阿京大意外,“你不想出宫?”她一直以为,做媵妾的都是迫不得已。一样是女子,谁愿意做别人的陪嫁品。
阿杳却道:“我自幼思嫁英雄,最仰慕姑丈,幸得身许,便此时无宠,亦忍得。姑姑若疼我,不要逐我走。”
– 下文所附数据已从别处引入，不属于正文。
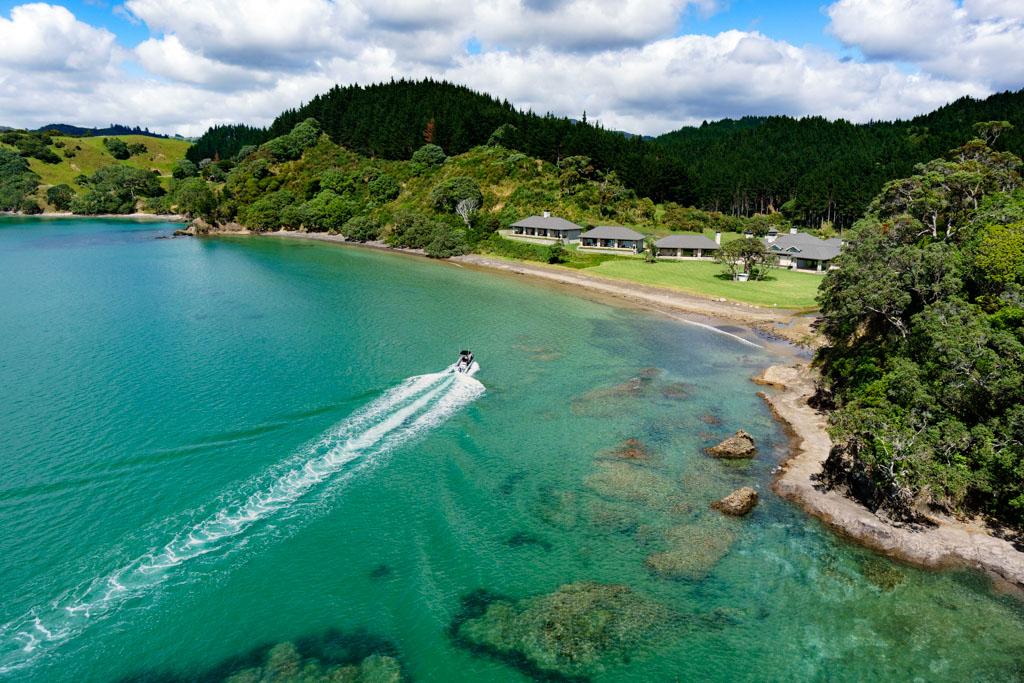 Aux confins de la Nouvelle-Zélande, le Helene Bay Lodge propose un hébergement luxueux au coeur des plus beaux paysages du pays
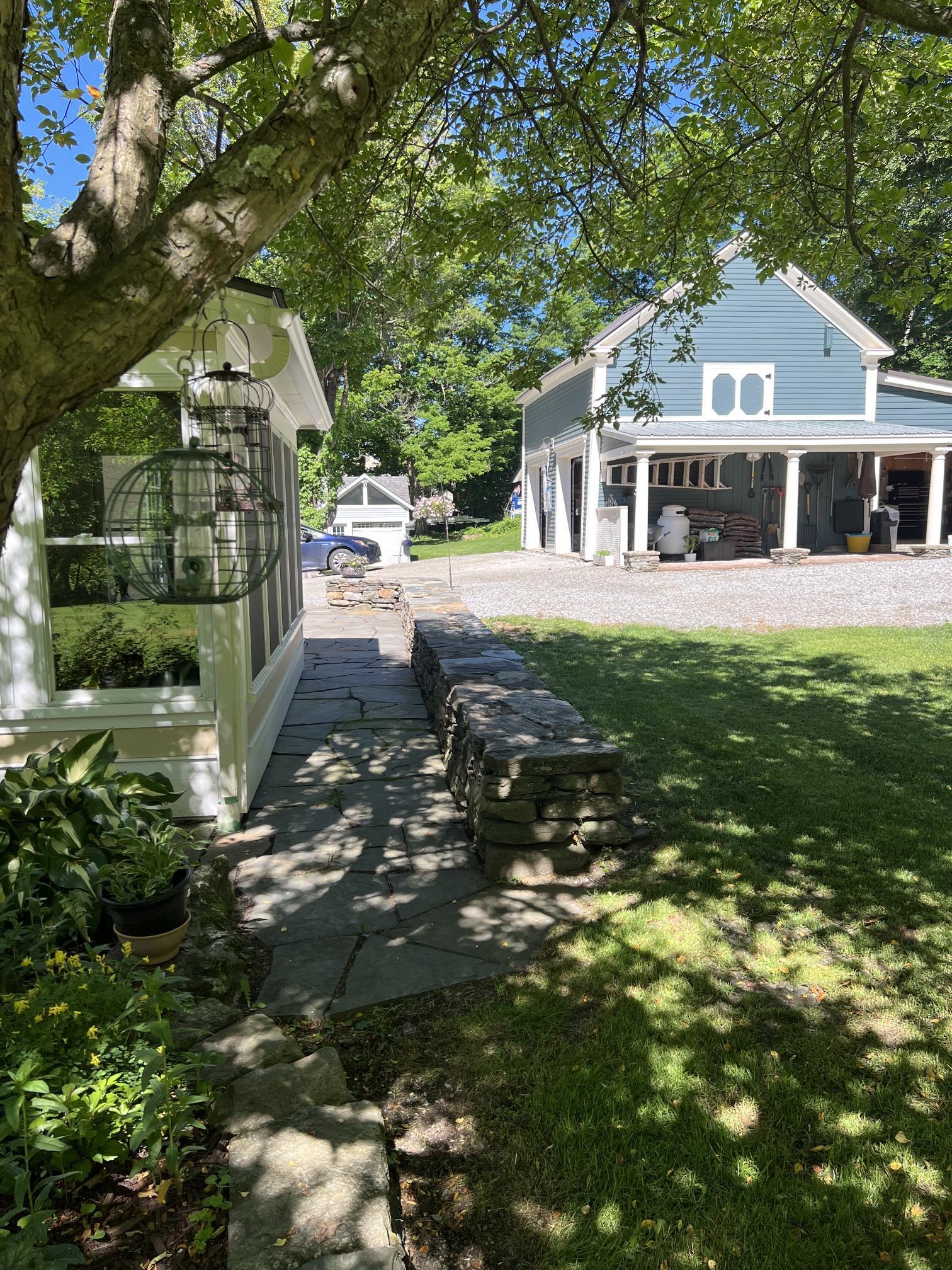 main property photo 17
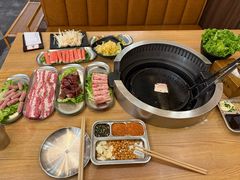 -滋滋烤肉(解放路创客店)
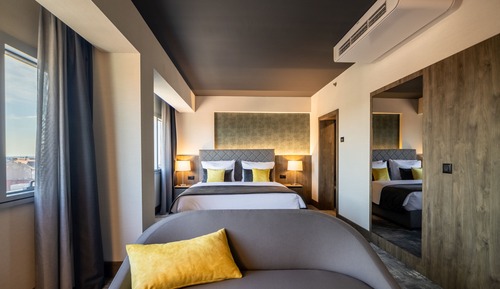 Junior Studio Suite, 1 Queen Bed, Air conditioning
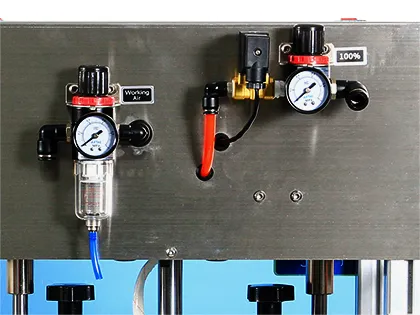 Манометри з регуляторами тиску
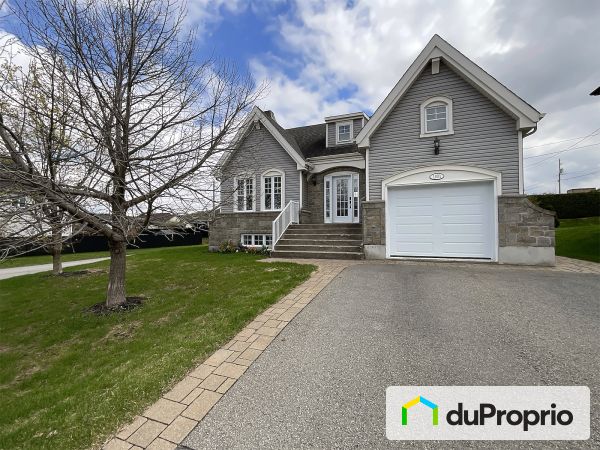 1091 rue Mozart, Prévost for sale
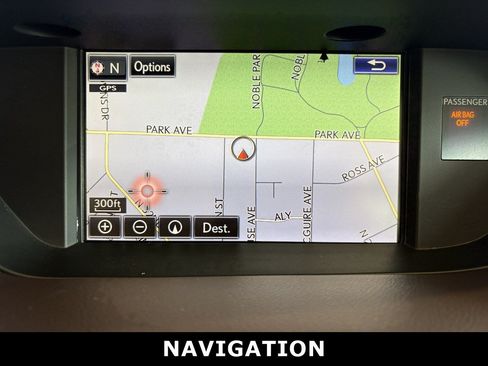 Used 2016 Lexus ES 350 w/ Luxury Package w/Wood Trim FWD image 17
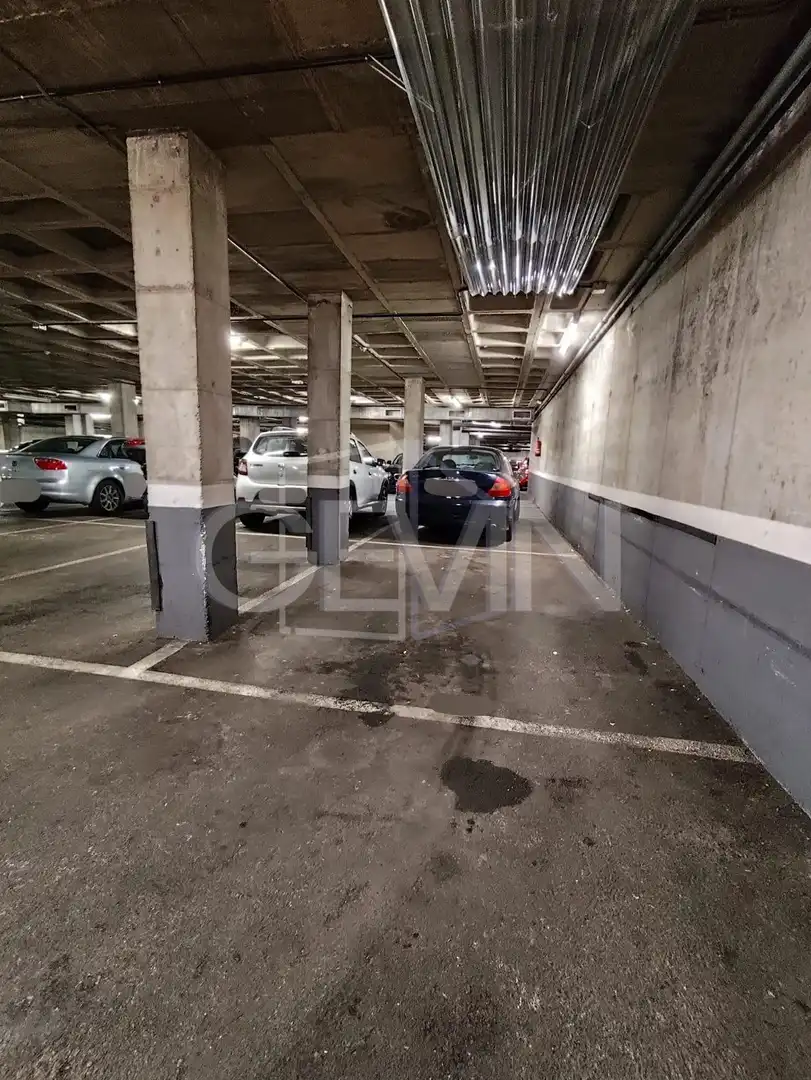 Parking de Piso en venta en Santa Perpètua de Mogoda con Aire acondicionado, Calefacción y Parquet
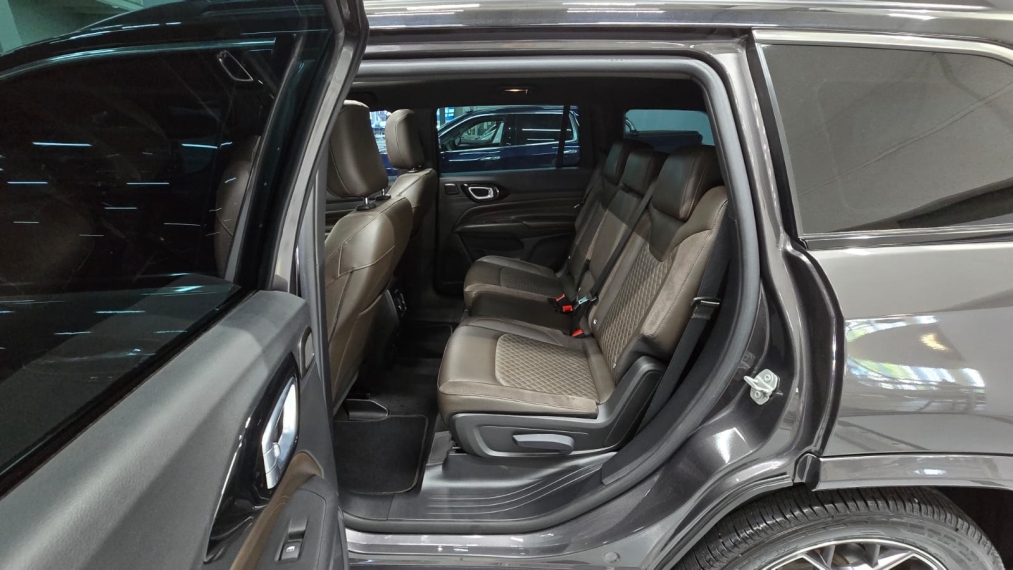 jeep commander 1.3 t270 turbo flex overland at6 4p automatico 202215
阿京无奈翻白,“少装可怜!你既惦记着我老公,非要赖在此间,便由你。我逐你作甚?”
崔氏笑,趁机建言,“不是我乌鸦嘴,此为实情,不得不说耳。你这一胎,不知是男是女,能否平安落地,亦不知能否再生。与其自己拼命,不如分劳给阿杳等。哪一个生子出来,都是我三姓外甥,不强过霍氏贱种?”
此一篇话,阿京晚餐时,统统复述与崔攸,末了一扬眉,“我那女姪思慕姑丈甚。姑丈之恶棍有暇,且去戳戳她吧。”
崔攸有意不碰王才人、司马婕妤,当然是顾忌阿京。她从未禁止他,却也未鼓励过,显见是介意。
见阿京恼火,笑着与她抚背顺毛,“为孩儿将来计,拨擢几个王家子弟便可,哪里用得着我卖身?”